▶ **WORK ITEM**: From the data below, return only the lines from the one with "Dragon Boat Cushion" through the one with "Premium Dried Bay", exact and inclusive, with pictures left out.

(DATA Opens)

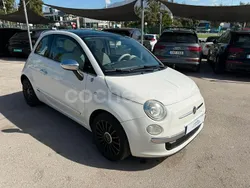 Blanco Usado 2008 Fiat 500 Lounge Berlina | 4500 € (Precio justo)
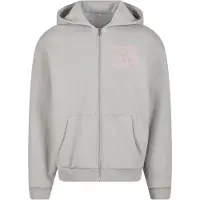 Mister tee Tokyo City Life Sweatshirt Med Dragkedja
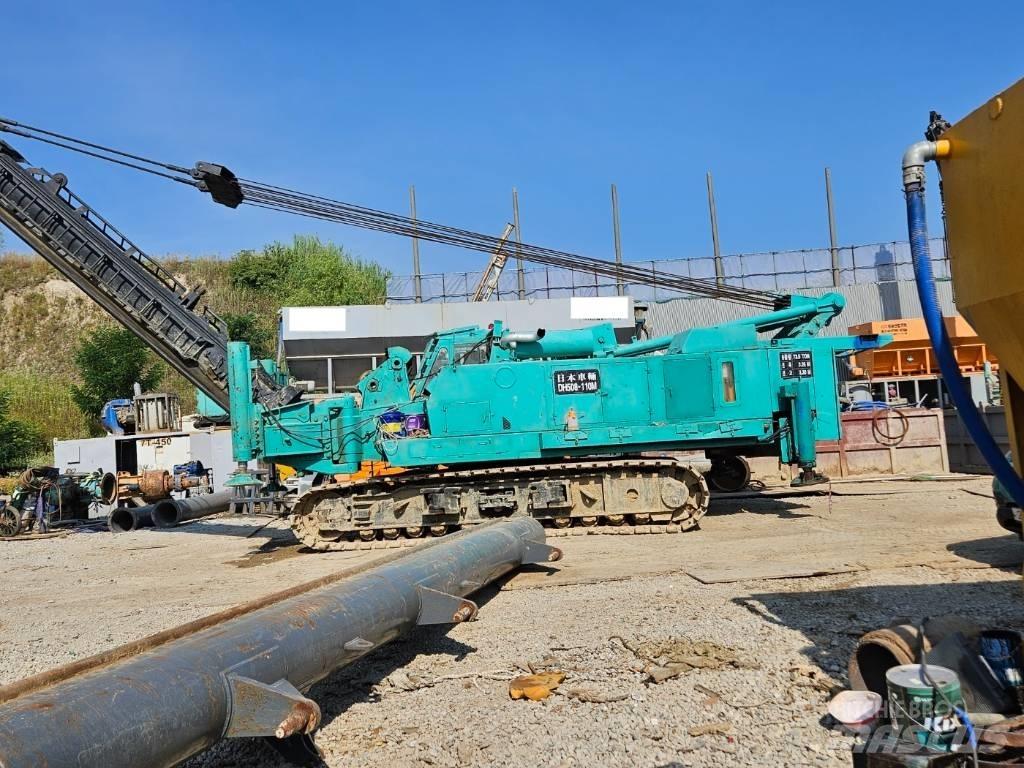 Nippon Sharyo DH508 Polių kalimo technika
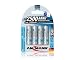 Ansmann - Pile Rechargeable - 2400 mAh - AA x 4 - (LR6)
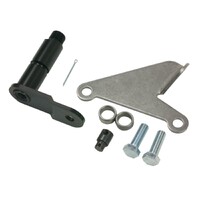 Cable Bracket & Shift Lever Kit - Ford Fits Ford, Lincoln and Mercury AOD automatic transmissions.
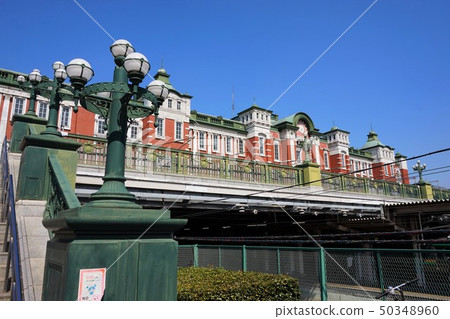 Fukaya Station Saitama Fukaya Eiichi Shibusawa Birthplace of brick 50348960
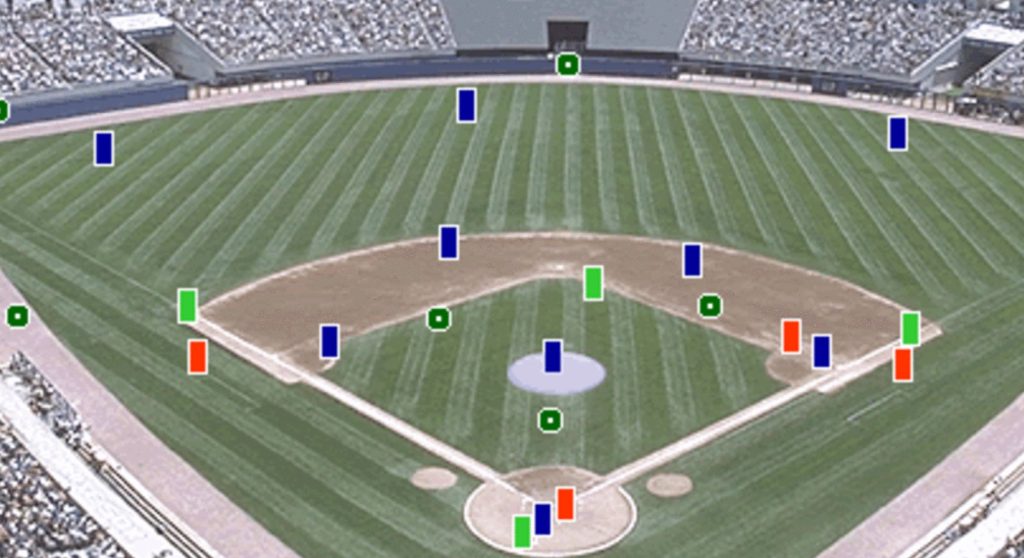 The Baseball Base Path Precision in Every Step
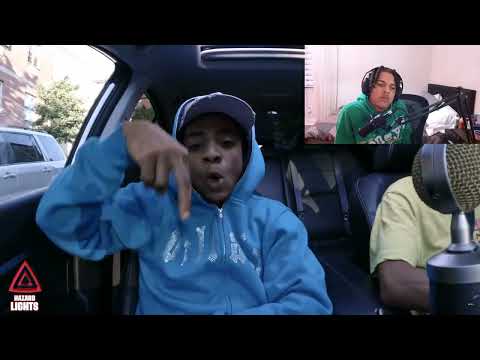Zaay Reacts to "Dougie B" | Hazard Lights ⚠️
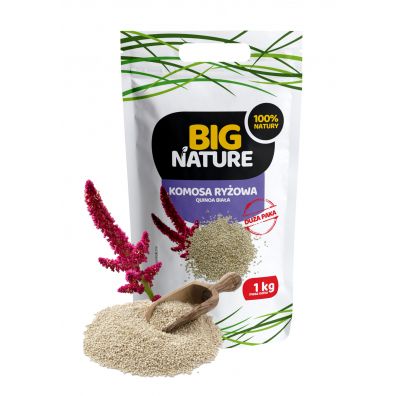Big Nature Quinoa Komosa ryżowa biała 1 kg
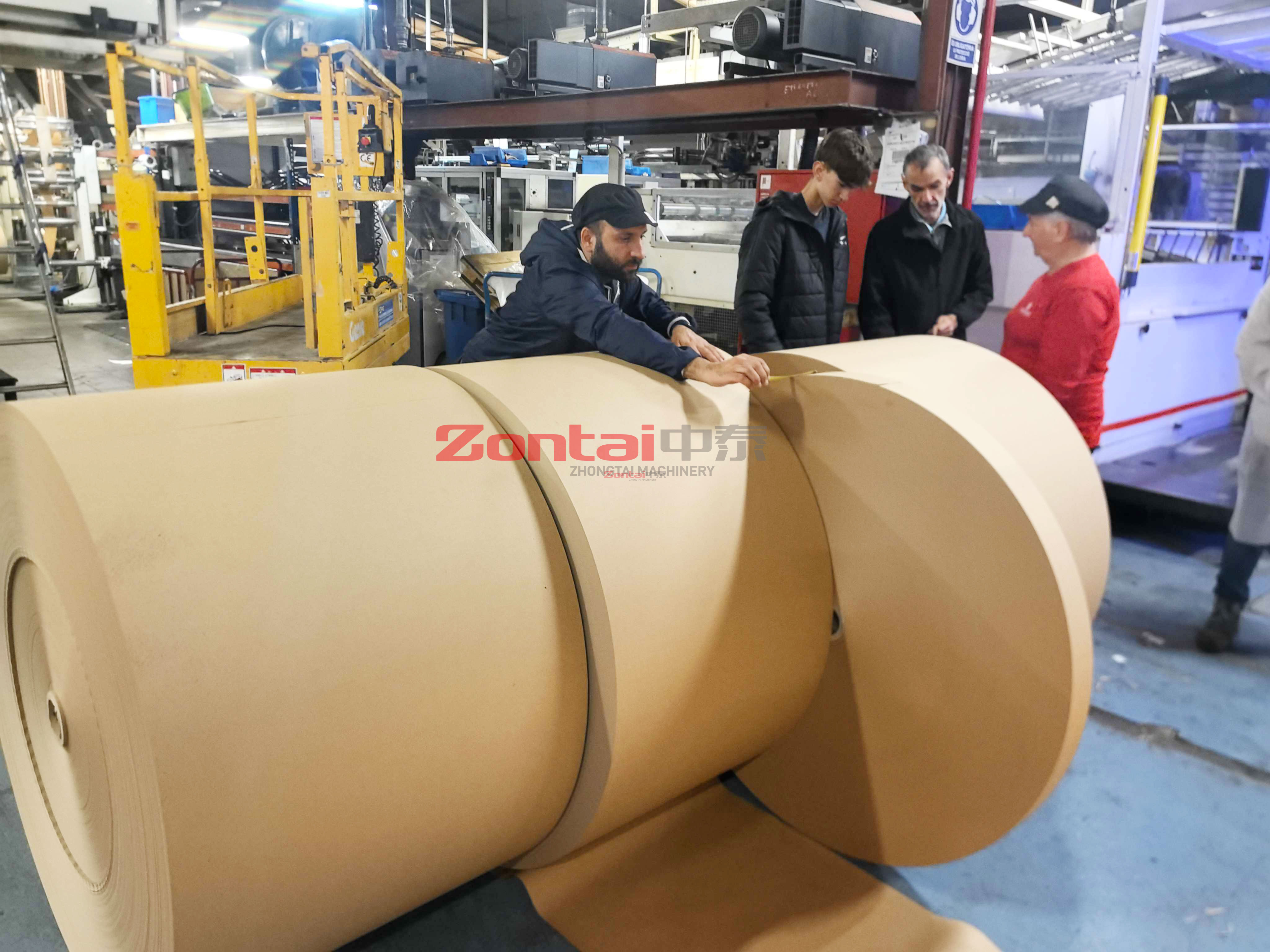  High-Performance Zontai Ztm-F Paper Cutting Device for Efficiency 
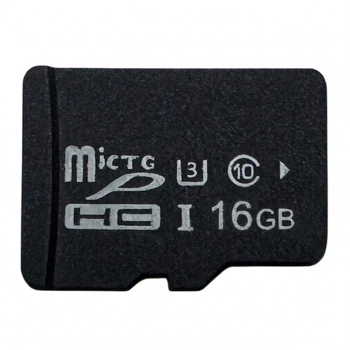 Карта памяти micro-SD HC 16Gb, Speed Class U3, (OEM High-End C10U3)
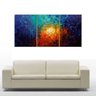 Quadro Decorativo Fine Art Cod 1757 - 90cm (A) x 190cm (L) - 4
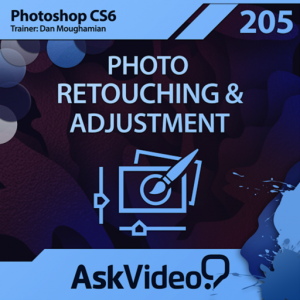 AV for Photoshop CS6 205 - Photo Retouching and Adjustment для Мак ОС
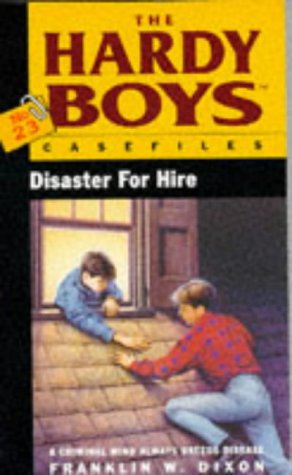 Disaster for Hire cover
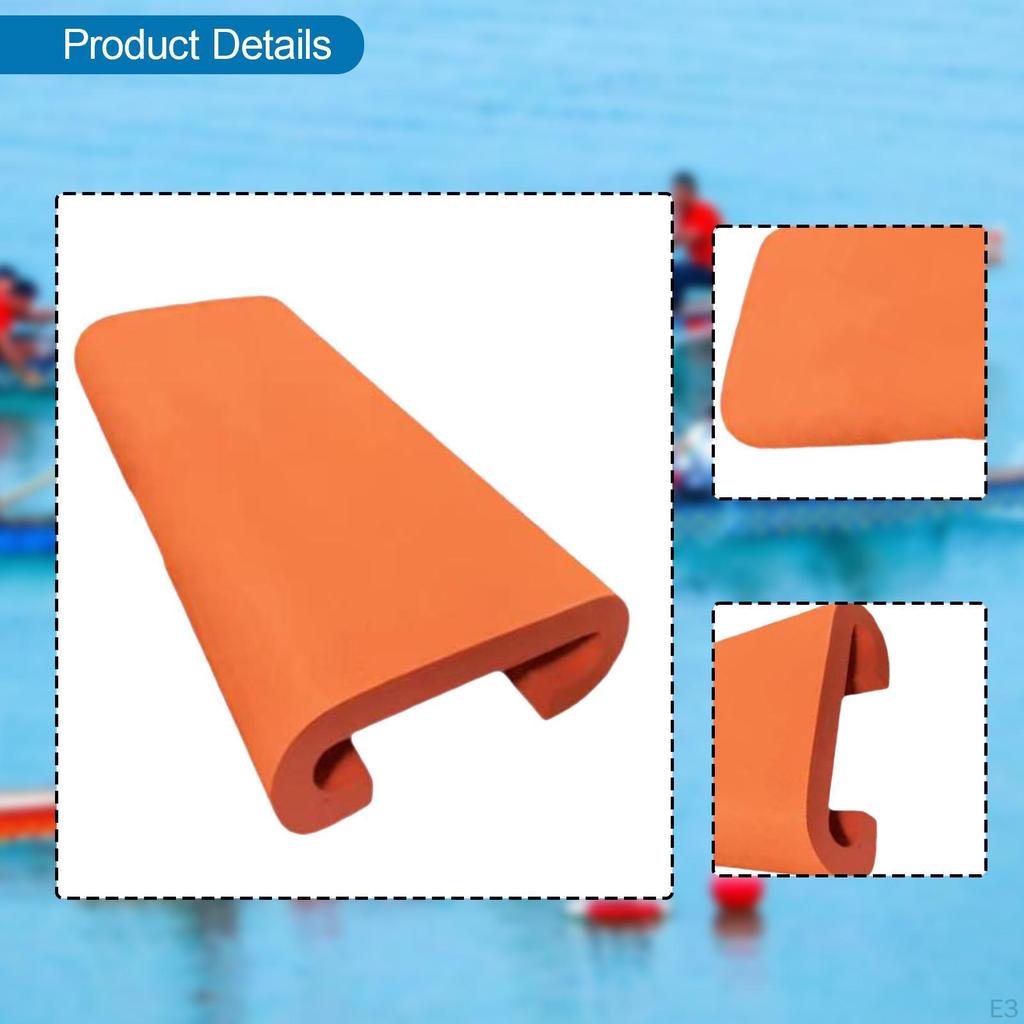 Dragon Boat Cushion Seat Pad Comfortable Anti Slip Protector Flotation for
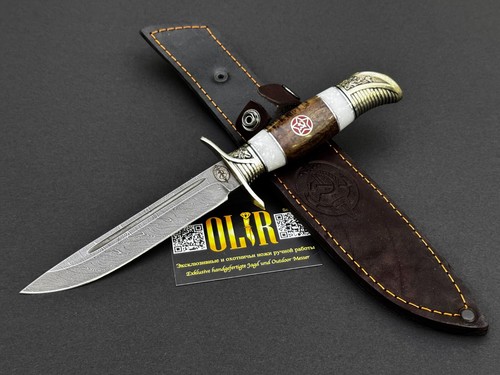 Olir russland damastmesser - olir,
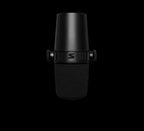 Shure MV7X Podcast Microphone with XLR - Black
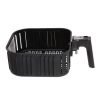 Black and Decker Digital Air Fryer, 4.3 Liters, 1700 Watts, Black - AF700 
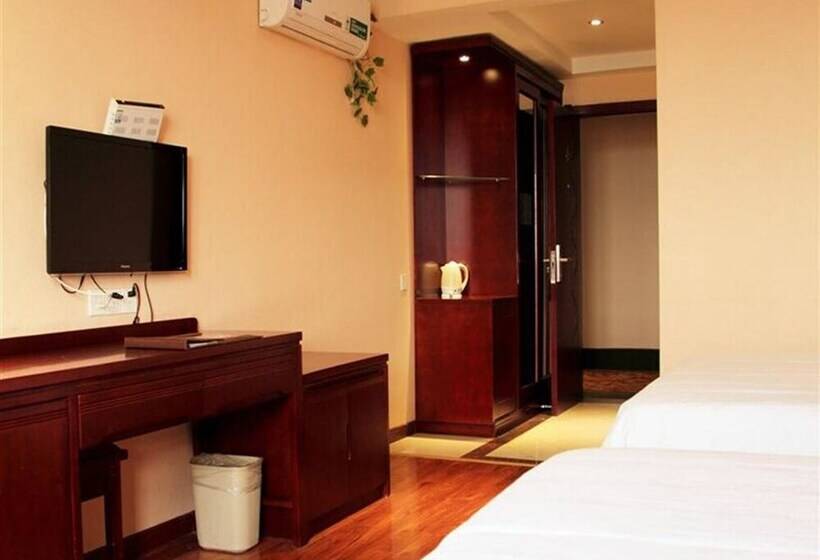 ホテル Greentree Inn Chuzhou International Trade Market Express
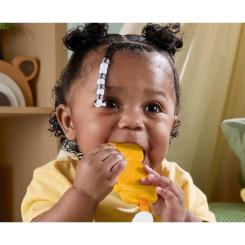 Погремушка Fisher-Price Зайка-обнимашка с прорезывателем Фото 5
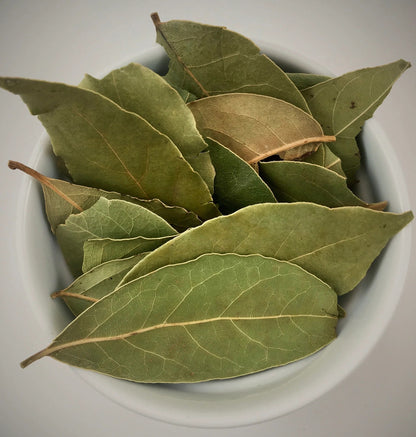 Premium Dried Bay Leaves (Laurel Leaves) | Aromatic Spice for Soups, Stews, Curries & Marinades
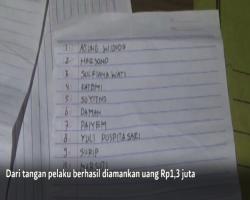 Bagikan Uang ke Pemilih, Pria di Ponorogo Diciduk Warga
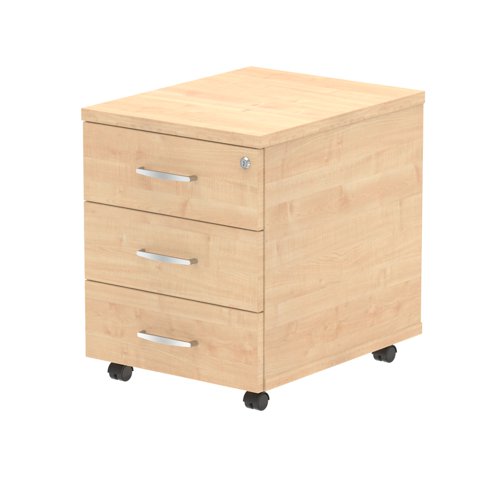 Impulse 3D Mobile Pedestal Maple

(DATA Closes)

▶ **RESULT OF THE EXERCISE**:
 Dragon Boat Cushion Seat Pad Comfortable Anti Slip Protector Flotation for
 Olir russland damastmesser - olir,
 Shure MV7X Podcast Microphone with XLR - Black
 Black and Decker Digital Air Fryer, 4.3 Liters, 1700 Watts, Black - AF700 
 ホテル Greentree Inn Chuzhou International Trade Market Express
 Погремушка Fisher-Price Зайка-обнимашка с прорезывателем Фото 5
 Premium Dried Bay Leaves (Laurel Leaves) | Aromatic Spice for Soups, Stews, Curries & Marinades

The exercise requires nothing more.